United States or Israel ? Vote for the TOP Country of the Week !


Se temía que el vencedor, muy respetuoso para con la propiedad particular, no lo fuese tanto con las colecciones del Estado. Por esta razón, de todos los Museos de la ciudad, sólo permanecía abierto el del señor de Sieboldt. En su calidad de oficial holandés y condecorado con la cruz del Aguila de Prusia, pensaba el coronel que nadie intentaría atacar su colección en su presencia.

El señor de Sieboldt me hacía admirar su enciclopedia japonesa en noventa y dos tomos, o me traducía una oda del Hiah-nin, obra valiosísima que había sido publicada bajo los auspicios de los emperadores japoneses, y donde están las biografías, los retratos y fragmentos líricos de los cien poetas más famosos del Imperio.

Fueme por lo tanto preciso aguardar en Munich a que la señora de Sieboldt tuviera ocasión de hacer llegar a mis manos la tragedia japonesa. ¡Rareza humana! Esos buenos bávaros, que tanto nos vituperaban por no haberles ayudado en esa guerra, no experimentaban la más mínima animosidad contra los prusianos.

Esas curiosidades expuestas con rótulos en ese gran palacio triste constituían, efectivamente, un museo, conjunto melancólico de cosas traídas de países muy lejanos, separadas de su medio ambiente. El mismo veterano Sieboldt parecía que formaba parte de él por su aspecto extraño.

Lo cierto es que ese diablo de hombre era tan interesante con su Jabón, que me hacía olvidar las fatigas del trabajo, y llegado el día de la audiencia, la Memoria casi podía caminar por sola. ¡Pobre veterano Sieboldt!

En torno nuestro cuchicheaban: Franzose... Franzose... Todos me miraban con manifiesta antipatía: Salgamos me dijo el señor de Sieboldt, y cuando estuvimos fuera, encontré en él su agradable sonrisa de otros tiempos. El buen hombre no había olvidado su promesa, pero la clasificación de su colección japonesa, que acababa de vender al Estado, le tenía ocupadísimo. Por eso no me había escrito.

Toda la Memoria estaba escrita en el francés estrafalario que hablaba el señor de Sieboldt: «Si yo tenga accionistas... si yo reuniría fondos...» esos defectos de pronunciación que le hacían escribir desatinos como éstos: «Los grandes botes del Asia» por «los grandes vates del Asia» y «el Jabón» en lugar de «el Japón...» Agréguese a esto, frases de cincuenta líneas sin signos de puntuación, sin una sola coma, sin ningún descanso para respirar, y, no obstante, tan bien clasificadas en el cerebro del autor, que le parecía imposible suprimir ni una sola palabra, y cuando me ocurría tachar una línea en un lado, la volvía él a escribir un poco más lejos... ¡Lo mismo da!

En cuanto a mi tragedia, estaba en Würzburgo, en poder de la señora de Sieboldt, y para llegar hasta allá necesitaba una autorización especial de la Embajada Francesa, porque los prusianos se acercaban a Würzburgo y era ya muy difícil el conseguir entrar en dicha población.

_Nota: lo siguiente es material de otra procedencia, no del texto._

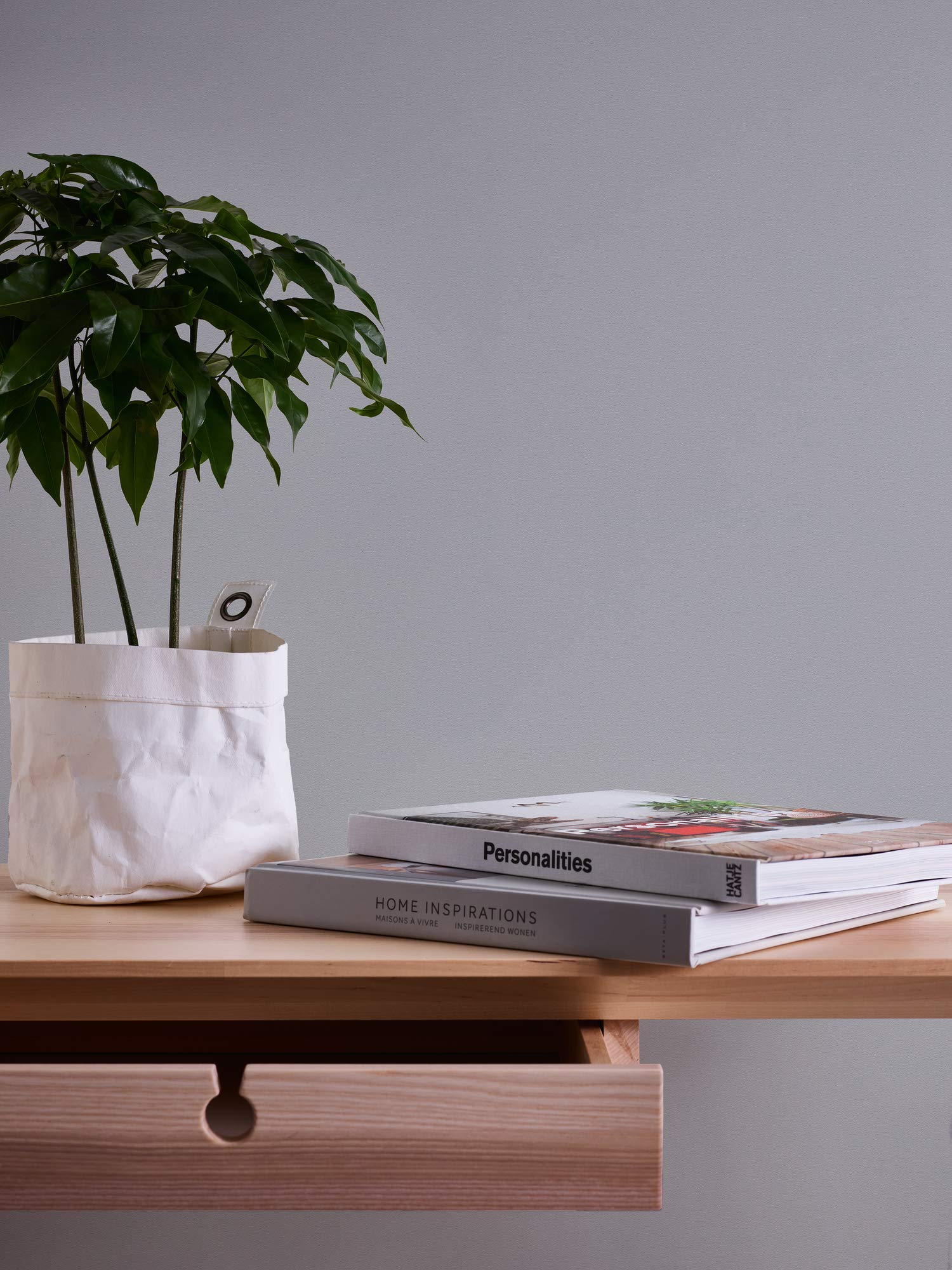 View 4
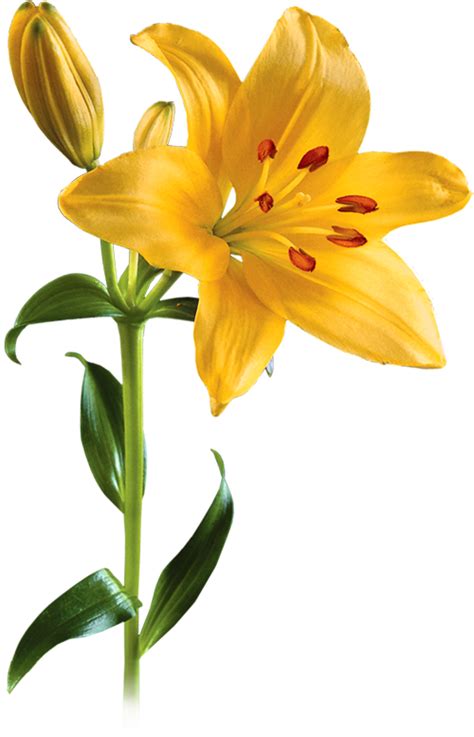 Do lilies need a lot of sun?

El señor de Sieboldt había muerto repentinamente aquella noche. No quise detenerme más y aquella misma tarde salí de Munich sin ánimo para perturbar toda aquella desolación nada más que por un antojo literario, y por esta causa no pude saber de la maravillosa tragedia japonesa más que el título: ¡El Emperador ciego!

La calle en que habitaba, una calle del arrabal, tranquila y corta, con jardines y casitas bajas, me pareció más agitada que de ordinario. La gente charlaba formando corrillos delante de las puertas. La de la casa de Sieboldt estaba cerrada, pero las persianas no. Todo era entrar y salir las gentes con aspecto triste.